Psychologists think this because repeated studies have demonstrated a phenomenon they have come to call change blindness: When you show people two slightly different pictures one after the other, they can see even small changes pretty easily. But introduce a slight pause between one viewing and the next, by showing just a blank white image, and suddenly they can’t. In this “flickering paradigm,” they need to look carefully around the picture, searching for what has changed. Take a look, for example, at these two images, and see how long it takes you to notice what’s changed.
Did you notice how the two photos differ?* If it takes several seconds to identify what’s changed (some subjects stare at the alternating images for over a minute), the reasoning goes, you must not be as aware of the whole image as you think.

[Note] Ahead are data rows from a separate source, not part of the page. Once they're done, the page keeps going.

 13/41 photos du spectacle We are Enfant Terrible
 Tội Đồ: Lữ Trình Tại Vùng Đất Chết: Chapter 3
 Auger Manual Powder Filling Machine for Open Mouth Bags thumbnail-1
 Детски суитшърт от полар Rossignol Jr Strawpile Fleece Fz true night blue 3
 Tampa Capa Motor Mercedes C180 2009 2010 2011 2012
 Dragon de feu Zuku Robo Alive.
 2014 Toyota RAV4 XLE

But a new pre-peer review study by Michael Cohen, a psychologist at MIT who studies how perception works in the brain, challenges this interpretation. He and his colleagues from Amherst College suggest in their paper that we are aware of much more perceptual information than psychologists have traditionally thought.

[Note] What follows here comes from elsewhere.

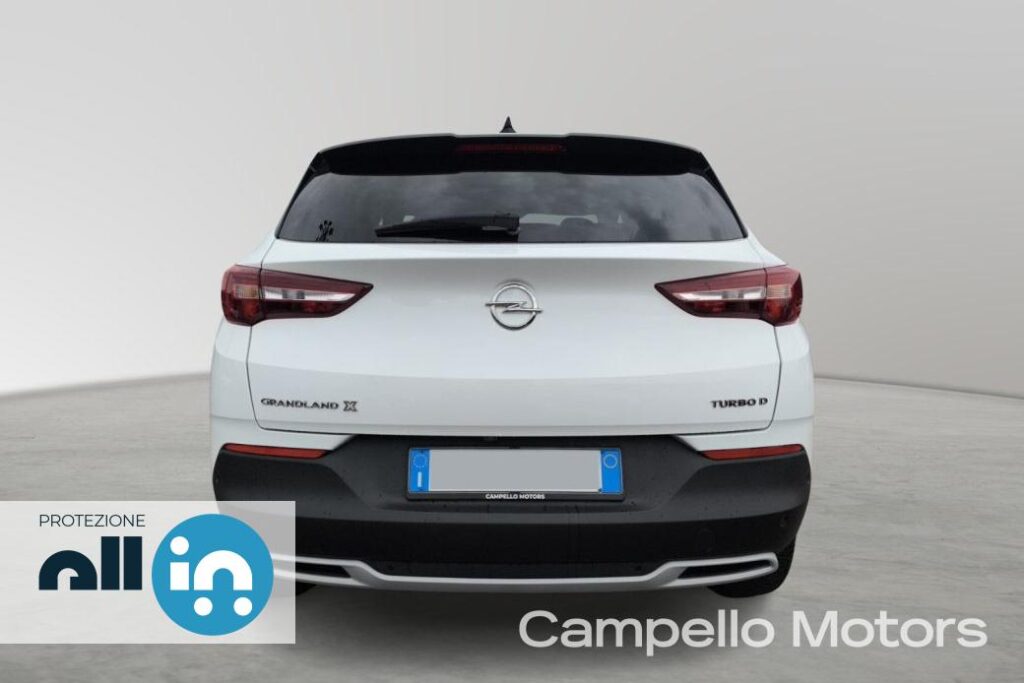 OPEL Grandland X 1.5 D ecotec s&s 130cv Innovation at8 Usato Mestre Terraglio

To test this idea, the researchers decided to see if familiarizing subjects with an image first would improve their ability to recognize changes to it. This had never been done before in change-blindness studies, they say.
We are aware of much more perceptual information than psychologists thought.
In Cohen’s experiment, subjects looked at sets of flickering images like the ones above, which alternate between an original and a slightly changed version, but some of the subjects had been familiarized with the scene beforehand. Then they asked the subjects to stare at the center of these test pictures and try to notice whether the periphery of the picture was somehow altered—scrambled, or in black and white, compared to the originals.
Cohen and his colleagues reasoned that if the “filling-in” hypothesis were correct, subjects who were more familiar with the original image would have a harder time recognizing differences—their minds would populate the periphery with what they had already seen. Cohen and his colleagues proposed a different hypothesis that they called the “expansion” hypothesis: that familiarity with a scene would actually allow one to expand one’s perceptual awareness. If the expansion hypothesis were correct, they reasoned, then study subjects who were more familiar with the original image should be better at recognizing changes between one image and the next, not worse.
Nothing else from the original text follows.